(『オリバー・ストーンが語るもうひとつのアメリカ3』から抜粋)
ロナルド・レーガンは、地味な俳優からスタートし、その後にテレビ番組「ゼネラル・エレクトリック・シアター」の司会などを経て、1967~75年にはカリフォルニア州知事を務めた。
公には家族の大切さを訴えていたが、自身は子供たちと疎遠であり、アメリカ史上唯一の離婚歴を持つ大統領だった。
レーガン政権で副大統領をした父ブッシュは、「レーガンの国際関係に関する考え方は、想像を絶するほどのものだった」と述べている。
レーガン政権でNSCのソ連・東欧問題顧問を務めたリチャード・パイプスは、「NSCの会合では、大統領は完全に上の空だった。話されている事が理解を超えていて、とても居心地が悪そうだった。」と話す。
テロ対策コーディネーターだったアンソニー・クイントンも、「私が状況を説明した時、大統領はゼリービーンズを2つほど食べると、居眠りを始めた。私はすっかりやる気を無くしてしまった。」と語っている。
前任者のカーター大統領が引き継ぎをした際には、レーガンが全く話に関心を示さないので困惑したという。
カーターの報道官だったジョディ・パウエルは、こう証言する。
「カーターは、レーガンが知っておくべき非常に重要な事を話した。
それなのに、レーガンは説明を聞き流し、質問の1つもせず、
メモすら取らなかった。」
1982年の終わりに中南米の訪問から戻ったレーガンは、記者たちに「驚いたね、中南米があんなに沢山の国に分かれているなんて」と言った。
下院議長だったティップ・オニールは、「自分は下院に34年間いたが、レーガンほど物を知らない大統領は居なかった」と言っている。
レーガンは、『ほら話』が多かった。
1983年末にイスラエルのシャミール首相と会談した際、「第二次大戦中にカメラマンとして、ナチスの強制収容所から捕虜が解放される様子を撮影した。捕虜たちの苦境に大きな衝撃を受けた。」と語った。
シャミールは感銘をうけたが、その後にレーガンは大戦中に一度もアメリカを離れていない事が判明した。
レーガンは、「生活保護の女王」のほら話を何度もしている。
その女王は、80の名前と30の住所を持ち、非課税所得が年間15万ドルを超えているという。
「強欲で不正な黒人が、白人からカネを盗んでいる」と非難したかったのだ。
彼は、著名人の言葉を捏造することも多かった。
レーガンは、相手が外部からの訪問者であっても、閣僚であっても、誰かと会話する時はスタッフからカードを渡されていた。
そこに書かれた文章を、そのまま読み上げるのだ。
レーガンの補佐官となったウィリアム・クラークは、彼があまりに無知なのにショックを受けた。

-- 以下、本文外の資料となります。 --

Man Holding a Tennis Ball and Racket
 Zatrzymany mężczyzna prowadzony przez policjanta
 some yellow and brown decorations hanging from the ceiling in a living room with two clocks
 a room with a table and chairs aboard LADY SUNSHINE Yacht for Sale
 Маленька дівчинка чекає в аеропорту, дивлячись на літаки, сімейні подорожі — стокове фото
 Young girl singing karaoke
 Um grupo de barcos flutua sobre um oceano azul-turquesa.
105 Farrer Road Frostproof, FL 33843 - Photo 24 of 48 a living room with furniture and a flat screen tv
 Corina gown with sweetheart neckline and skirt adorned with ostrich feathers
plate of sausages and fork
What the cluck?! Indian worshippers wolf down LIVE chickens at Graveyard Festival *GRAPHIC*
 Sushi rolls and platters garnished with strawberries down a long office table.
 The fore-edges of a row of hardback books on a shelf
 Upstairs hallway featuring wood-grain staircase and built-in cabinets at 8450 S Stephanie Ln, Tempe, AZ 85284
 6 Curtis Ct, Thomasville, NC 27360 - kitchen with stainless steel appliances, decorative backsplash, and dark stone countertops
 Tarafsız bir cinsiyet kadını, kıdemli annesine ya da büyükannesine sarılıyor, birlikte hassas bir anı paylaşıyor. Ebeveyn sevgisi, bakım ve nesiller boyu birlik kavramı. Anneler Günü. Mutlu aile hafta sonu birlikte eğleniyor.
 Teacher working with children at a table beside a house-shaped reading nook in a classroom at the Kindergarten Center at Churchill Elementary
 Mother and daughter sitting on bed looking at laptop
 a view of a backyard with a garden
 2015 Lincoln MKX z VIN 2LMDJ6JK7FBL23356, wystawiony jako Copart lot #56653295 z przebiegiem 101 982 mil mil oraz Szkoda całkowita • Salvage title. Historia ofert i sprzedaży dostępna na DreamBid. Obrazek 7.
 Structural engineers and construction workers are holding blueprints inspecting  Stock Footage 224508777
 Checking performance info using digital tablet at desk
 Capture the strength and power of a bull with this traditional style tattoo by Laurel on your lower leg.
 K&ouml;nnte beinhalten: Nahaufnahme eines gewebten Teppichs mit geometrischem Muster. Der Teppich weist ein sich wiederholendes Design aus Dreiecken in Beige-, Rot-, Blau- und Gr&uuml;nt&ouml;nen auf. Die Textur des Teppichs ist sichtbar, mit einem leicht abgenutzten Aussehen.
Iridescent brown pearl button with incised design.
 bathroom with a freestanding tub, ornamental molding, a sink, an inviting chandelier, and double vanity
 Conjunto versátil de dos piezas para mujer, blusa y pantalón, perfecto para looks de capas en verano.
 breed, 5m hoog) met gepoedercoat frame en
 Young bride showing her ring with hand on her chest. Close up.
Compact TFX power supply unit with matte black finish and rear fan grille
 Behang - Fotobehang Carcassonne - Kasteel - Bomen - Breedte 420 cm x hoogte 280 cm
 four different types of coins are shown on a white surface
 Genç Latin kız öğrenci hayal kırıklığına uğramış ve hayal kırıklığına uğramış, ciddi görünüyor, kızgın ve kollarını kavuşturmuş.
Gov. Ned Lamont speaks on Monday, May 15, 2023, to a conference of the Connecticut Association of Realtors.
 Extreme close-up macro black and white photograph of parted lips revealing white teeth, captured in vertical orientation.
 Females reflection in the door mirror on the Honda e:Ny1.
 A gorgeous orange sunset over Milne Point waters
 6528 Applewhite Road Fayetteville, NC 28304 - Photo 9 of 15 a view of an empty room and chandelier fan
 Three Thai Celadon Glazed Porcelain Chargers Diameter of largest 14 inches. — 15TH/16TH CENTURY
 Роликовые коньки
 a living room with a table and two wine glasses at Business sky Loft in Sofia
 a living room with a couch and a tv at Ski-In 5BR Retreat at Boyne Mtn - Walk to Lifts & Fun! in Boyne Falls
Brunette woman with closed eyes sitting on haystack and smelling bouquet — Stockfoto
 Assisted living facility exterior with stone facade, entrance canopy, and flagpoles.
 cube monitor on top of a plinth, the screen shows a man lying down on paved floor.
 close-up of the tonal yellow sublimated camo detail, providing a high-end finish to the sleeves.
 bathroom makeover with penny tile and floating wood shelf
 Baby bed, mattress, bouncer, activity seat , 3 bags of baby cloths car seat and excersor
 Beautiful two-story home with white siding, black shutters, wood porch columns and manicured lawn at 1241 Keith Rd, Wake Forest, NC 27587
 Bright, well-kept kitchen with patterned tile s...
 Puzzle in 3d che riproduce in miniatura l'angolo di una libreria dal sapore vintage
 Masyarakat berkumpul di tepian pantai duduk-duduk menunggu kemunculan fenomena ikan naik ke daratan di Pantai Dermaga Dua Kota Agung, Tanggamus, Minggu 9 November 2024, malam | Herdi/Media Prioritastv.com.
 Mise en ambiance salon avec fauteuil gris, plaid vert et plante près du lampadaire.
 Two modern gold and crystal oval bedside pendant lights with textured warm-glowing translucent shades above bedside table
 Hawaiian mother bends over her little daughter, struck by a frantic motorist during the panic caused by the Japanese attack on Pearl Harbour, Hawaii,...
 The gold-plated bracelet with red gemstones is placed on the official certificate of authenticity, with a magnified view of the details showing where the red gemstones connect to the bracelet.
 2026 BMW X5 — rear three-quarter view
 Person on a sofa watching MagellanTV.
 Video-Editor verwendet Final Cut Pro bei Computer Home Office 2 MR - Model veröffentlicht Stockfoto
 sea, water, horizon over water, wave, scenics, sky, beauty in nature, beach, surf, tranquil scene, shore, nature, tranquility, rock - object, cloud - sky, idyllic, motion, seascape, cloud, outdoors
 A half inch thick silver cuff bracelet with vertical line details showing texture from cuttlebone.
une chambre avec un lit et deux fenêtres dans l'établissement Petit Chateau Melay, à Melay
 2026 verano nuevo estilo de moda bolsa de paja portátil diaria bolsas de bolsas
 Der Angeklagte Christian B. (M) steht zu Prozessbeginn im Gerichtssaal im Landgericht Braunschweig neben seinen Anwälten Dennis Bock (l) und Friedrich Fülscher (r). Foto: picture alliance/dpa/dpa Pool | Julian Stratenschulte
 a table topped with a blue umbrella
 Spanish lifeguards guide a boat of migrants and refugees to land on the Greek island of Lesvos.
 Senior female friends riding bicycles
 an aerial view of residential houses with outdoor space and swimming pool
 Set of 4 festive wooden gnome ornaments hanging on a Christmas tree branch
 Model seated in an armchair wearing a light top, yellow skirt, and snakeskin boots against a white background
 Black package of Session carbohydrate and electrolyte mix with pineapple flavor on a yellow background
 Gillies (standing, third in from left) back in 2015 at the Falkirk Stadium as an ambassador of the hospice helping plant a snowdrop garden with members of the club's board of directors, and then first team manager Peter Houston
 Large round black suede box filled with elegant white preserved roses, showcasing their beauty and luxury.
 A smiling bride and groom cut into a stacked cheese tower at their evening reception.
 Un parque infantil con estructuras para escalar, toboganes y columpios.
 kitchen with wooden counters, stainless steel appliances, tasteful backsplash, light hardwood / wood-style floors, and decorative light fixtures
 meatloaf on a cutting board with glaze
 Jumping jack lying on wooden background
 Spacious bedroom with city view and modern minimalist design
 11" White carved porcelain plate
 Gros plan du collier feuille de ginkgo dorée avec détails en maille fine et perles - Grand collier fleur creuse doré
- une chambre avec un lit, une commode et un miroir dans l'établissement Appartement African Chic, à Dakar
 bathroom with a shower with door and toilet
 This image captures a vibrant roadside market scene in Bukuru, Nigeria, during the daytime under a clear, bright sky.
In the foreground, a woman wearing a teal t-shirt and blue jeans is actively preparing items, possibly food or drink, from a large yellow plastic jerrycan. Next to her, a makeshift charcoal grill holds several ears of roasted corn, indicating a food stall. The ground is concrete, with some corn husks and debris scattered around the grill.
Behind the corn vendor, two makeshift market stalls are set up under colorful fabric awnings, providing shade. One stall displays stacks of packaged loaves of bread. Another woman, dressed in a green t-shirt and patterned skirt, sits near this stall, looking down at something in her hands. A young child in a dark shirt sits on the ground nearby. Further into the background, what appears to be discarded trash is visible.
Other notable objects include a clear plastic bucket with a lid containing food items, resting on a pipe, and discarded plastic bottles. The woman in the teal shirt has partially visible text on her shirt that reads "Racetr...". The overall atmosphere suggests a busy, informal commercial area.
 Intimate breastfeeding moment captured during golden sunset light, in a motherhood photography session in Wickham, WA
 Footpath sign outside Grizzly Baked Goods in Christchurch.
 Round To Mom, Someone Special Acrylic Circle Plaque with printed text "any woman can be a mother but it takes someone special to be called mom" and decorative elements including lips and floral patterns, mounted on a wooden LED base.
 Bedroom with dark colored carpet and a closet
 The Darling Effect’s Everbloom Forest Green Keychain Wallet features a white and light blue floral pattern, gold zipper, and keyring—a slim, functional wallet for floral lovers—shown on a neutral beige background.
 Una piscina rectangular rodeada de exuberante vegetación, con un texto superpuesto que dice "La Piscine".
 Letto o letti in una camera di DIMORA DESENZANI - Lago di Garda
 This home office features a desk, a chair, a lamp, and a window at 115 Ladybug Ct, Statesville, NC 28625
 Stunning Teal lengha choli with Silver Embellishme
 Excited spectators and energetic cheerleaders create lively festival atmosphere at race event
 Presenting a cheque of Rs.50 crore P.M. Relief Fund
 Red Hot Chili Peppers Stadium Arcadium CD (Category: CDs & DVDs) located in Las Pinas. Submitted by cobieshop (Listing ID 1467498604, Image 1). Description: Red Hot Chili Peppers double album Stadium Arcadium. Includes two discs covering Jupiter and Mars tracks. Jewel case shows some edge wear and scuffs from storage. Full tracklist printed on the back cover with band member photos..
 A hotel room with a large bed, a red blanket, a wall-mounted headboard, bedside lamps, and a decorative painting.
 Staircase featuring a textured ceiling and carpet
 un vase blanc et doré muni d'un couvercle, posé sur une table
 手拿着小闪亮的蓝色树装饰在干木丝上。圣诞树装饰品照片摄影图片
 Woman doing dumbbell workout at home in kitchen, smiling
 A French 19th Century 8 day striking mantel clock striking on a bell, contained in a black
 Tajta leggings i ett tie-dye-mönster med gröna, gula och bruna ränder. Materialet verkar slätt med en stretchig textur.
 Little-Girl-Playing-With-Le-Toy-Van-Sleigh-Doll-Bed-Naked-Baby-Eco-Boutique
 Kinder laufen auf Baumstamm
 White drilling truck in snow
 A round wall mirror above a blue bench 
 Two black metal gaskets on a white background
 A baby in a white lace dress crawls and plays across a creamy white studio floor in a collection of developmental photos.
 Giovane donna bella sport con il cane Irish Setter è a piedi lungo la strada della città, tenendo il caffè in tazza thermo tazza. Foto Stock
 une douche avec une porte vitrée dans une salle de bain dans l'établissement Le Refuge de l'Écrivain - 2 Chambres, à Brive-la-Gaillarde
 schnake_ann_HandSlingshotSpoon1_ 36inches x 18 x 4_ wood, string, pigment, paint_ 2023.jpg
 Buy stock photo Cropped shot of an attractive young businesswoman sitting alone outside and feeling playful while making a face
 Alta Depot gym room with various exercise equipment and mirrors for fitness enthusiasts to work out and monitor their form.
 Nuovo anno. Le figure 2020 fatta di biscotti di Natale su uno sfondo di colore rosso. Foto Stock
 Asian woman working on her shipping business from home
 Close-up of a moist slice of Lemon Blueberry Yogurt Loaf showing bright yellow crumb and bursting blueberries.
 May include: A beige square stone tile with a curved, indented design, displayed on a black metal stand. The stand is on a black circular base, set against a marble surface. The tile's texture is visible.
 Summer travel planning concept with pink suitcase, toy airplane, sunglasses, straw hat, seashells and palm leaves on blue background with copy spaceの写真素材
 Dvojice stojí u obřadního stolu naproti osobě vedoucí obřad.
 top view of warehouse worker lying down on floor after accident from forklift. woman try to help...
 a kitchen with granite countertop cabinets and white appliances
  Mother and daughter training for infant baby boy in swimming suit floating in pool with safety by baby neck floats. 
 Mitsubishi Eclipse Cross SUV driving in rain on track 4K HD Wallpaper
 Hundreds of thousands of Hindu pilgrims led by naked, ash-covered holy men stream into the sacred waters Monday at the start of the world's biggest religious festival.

そして、世界の指導者たちを解説する映画を制作するように、ペンタゴンとCIAに指示した。
レーガンはあまりに無知だったため、部下には入り込む隙間が大きかった。
入り込んだ1人が、副大統領のブッシュである。
ブッシュは、ロックフェラー、モルガン、ハリマンといった財閥と古くから繋がりがある。
彼はイェール大学を出た後、テキサスで石油商人となった。
1970年には、ニクソン大統領の指名で、共和党の全国委員会の委員長に就いた。
レーガンが判断を下さないので、部下達は主導権をめぐって激しく争った。
ただし、すべてを隠密に進めるという強い意思だけは、皆に共通していた。
カーター政権はCIAの行動を制限したが、レーガン政権はそれを一転させた。
CIA長官に指名されたウィリアム・ケーシーは、「ソ連はすべての国際テロの元凶である」と信じていた。
CIAは「ソ連はテロと闘っている」と知っており、それをケーシーに伝えたが、彼は信じなかった。
政権内の強硬派たちは、「ソ連は危険で、常に勢力の拡大を追求している」との見方をしていた。
実際には、当時のソ連はすでに崩壊に向かっていた。